WHAT TO DO: Write out the full listing exactly as given, minus the images.

DATASET CONTENT:
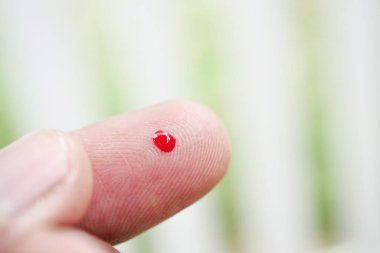 Delikanlılar evlerinde glikoz seviyesini elle ölçerler..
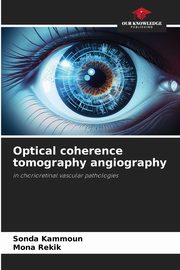 Optical coherence tomography angiography, KAMMOUN Sonda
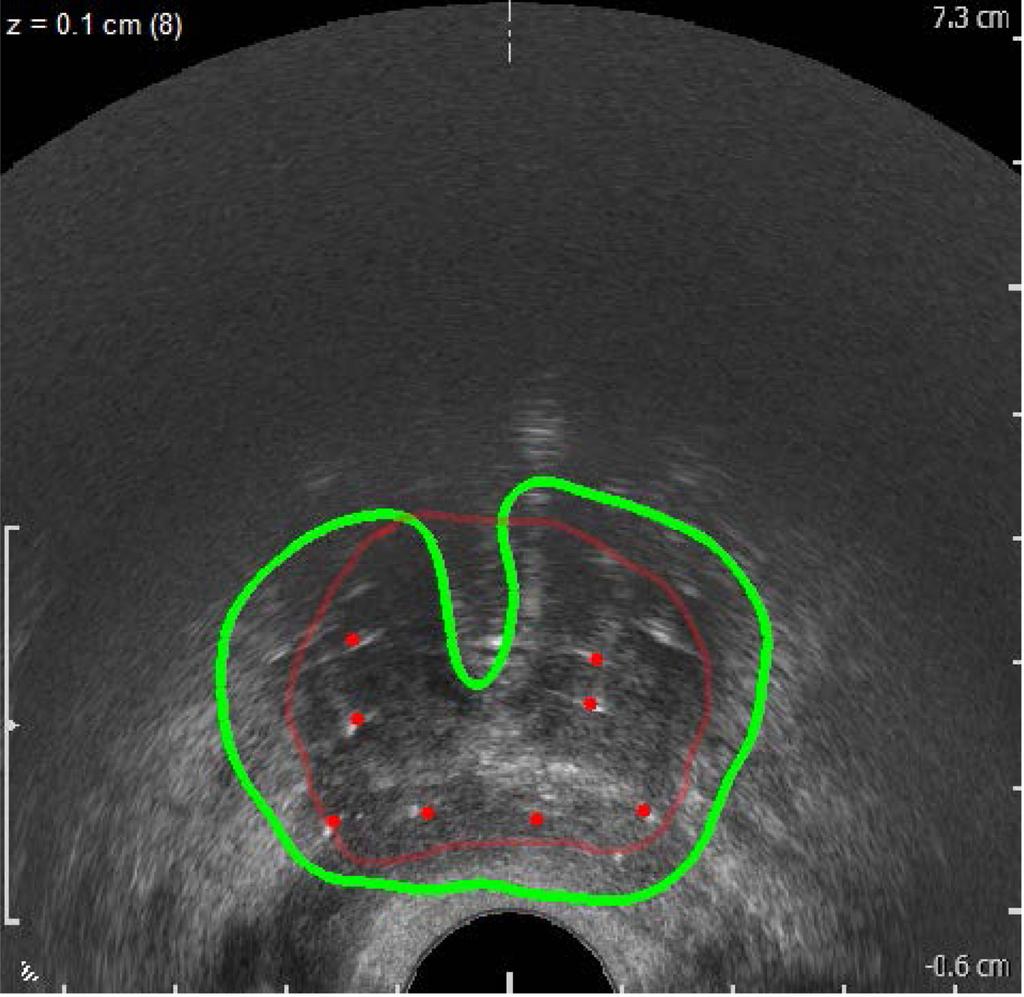 Kuo et al. Page 10 Figure 5. Intraoperative dosimetry result showing cold spot.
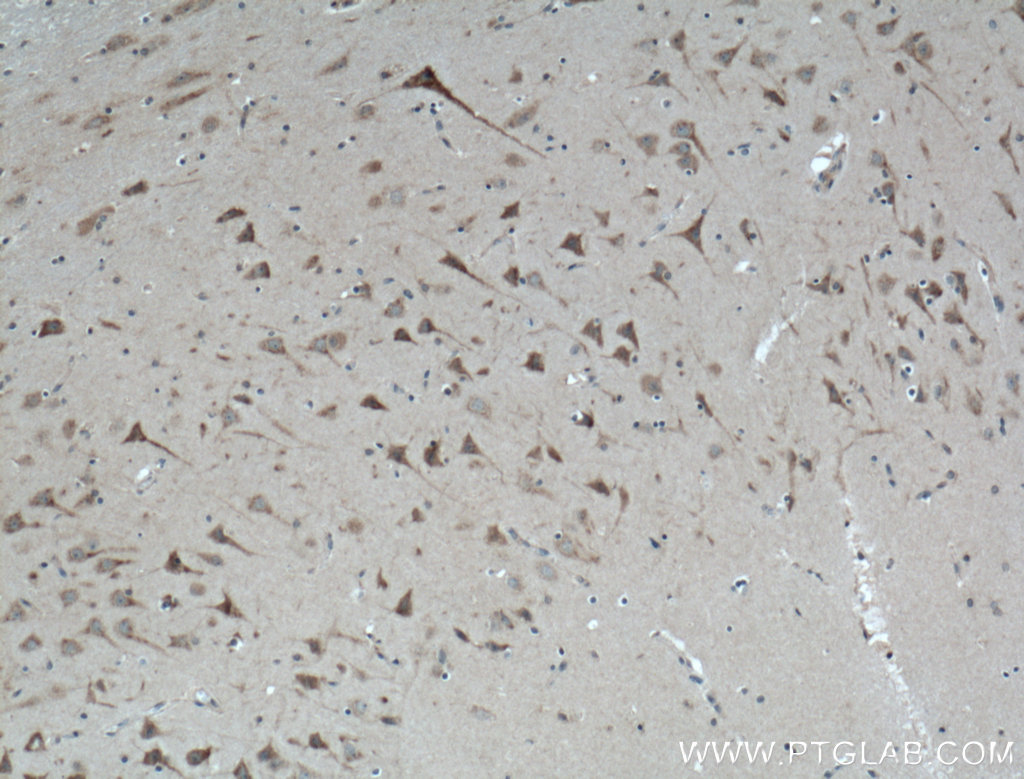 IHC staining of human brain using 20494-1-AP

EXERCISE OUTPUT:
 Delikanlılar evlerinde glikoz seviyesini elle ölçerler..
 Optical coherence tomography angiography, KAMMOUN Sonda
 Kuo et al. Page 10 Figure 5. Intraoperative dosimetry result showing cold spot.
 IHC staining of human brain using 20494-1-AP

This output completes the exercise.